Which MPI library are you using?
On 26 Apr 2007, at 09:41, Niall Moran wrote:
Hi,
I have built and installed ALPS 1.3b3 and am trying to get the MPI version working. I am using a simple input file (shown below) and using the dirloop_sse_mpi tool.
When running this on a single processor with dirloop_sse it takes around 62 seconds for each task and does each sequentially on a single cpu.
I then tried running this in parallel on 8 processors. System has PBS for batch processing. Submitted job interactively and requested a walltime of 20 minutes and 8 cpus (4 x 2 processors per node).
qsub -l walltime=00:20:00 -l nodes=4:ppn=2 -I
Then started simulation with
mpiexec -n 8 dirloop_sse_mpi job.in.xml
All the tasks seem to finish correctly however the processes remain until the walltime is up. Output is listed below.
Have tried building ALPS with both gcc 3.3.3 and also pathscale 2.5 compiler along with mpich-1.2.7. The same thing happens with each.
Does anyone have any ideas what is going on?
Many Thanks,
Niall.
Parameter version of input file.
MODEL_LIBRARY="/alps/lib/xml/models.xml" MODEL="spin"; LATICE_LIBRARY="/alps/lib/xml/lattices.xml" LATTICE="chain lattice" SWEEPS=1000; THERMALIZATION=100; WORK_FACTOR=L*SWEEPS; { L=10; T=0.1; } { L=15; T=0.15; } { L=20; T=0.2; } { L=25; T=0.05; } { L=30; T=0.05; } { L=35; T=0.3; } { L=40; T=0.05; } { L=45; T=0.05; }
Output of simulation in parallel.
Quantum Monte simulations using the generalized directed loop algorithm v. 1.1 available from http://alps.comp-phys.org/ copyright (c) 2001-2005 by Fabien Alet alet@comp-phys.org, Synge Todo wistaria@comp-phys.org, and Matthias Troyer troyer@comp-phys.org see F. Alet, S. Wessel and M. Troyer, Phys. Rev. E 71, 036706 (2005) for details.

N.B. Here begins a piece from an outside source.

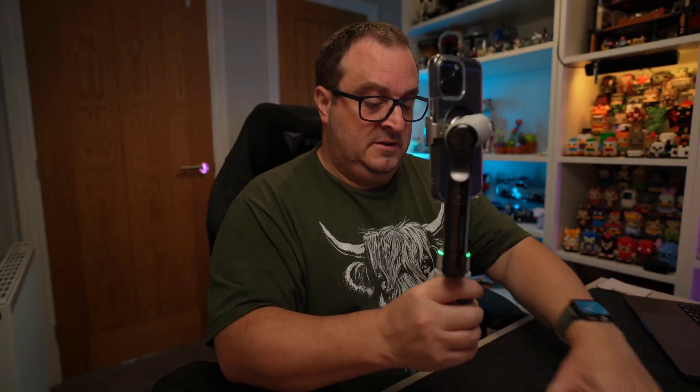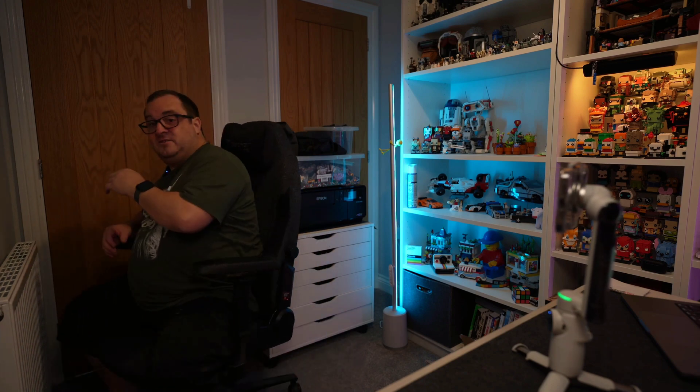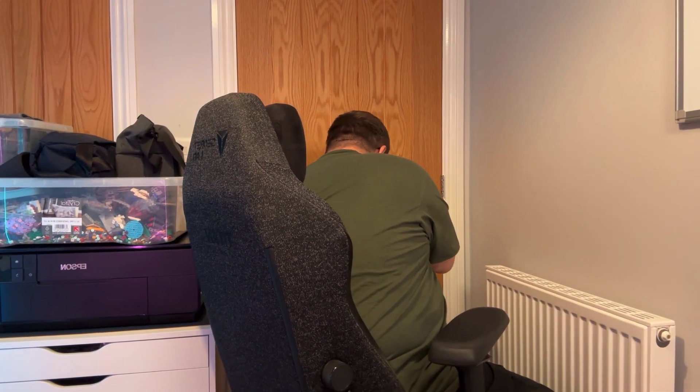Connect your Insta360 Flow Pro. When you open up the Insta360 Flow Pro app, you can see that I'm inside the Insta360 app. If I go into the corner here — this is me whispering in the corner — you'll be able to see that this microphone still picks me up.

using the ALPS parallelizing scheduler copyright (c) 1994-2006 by Matthias Troyer troyer@comp-phys.org. see Lecture Notes in Computer Science, Vol. 1505, p. 191 (1998).
based on the ALPS libraries version 1.3b3 available from http://alps.comp-phys.org/ copyright (c) 1994-2006 by the ALPS collaboration. Consult the web page for license details. For details see the publication: F. Alet et al., J. Phys. Soc. Jpn. Suppl., Vol. 74, 30 (2005).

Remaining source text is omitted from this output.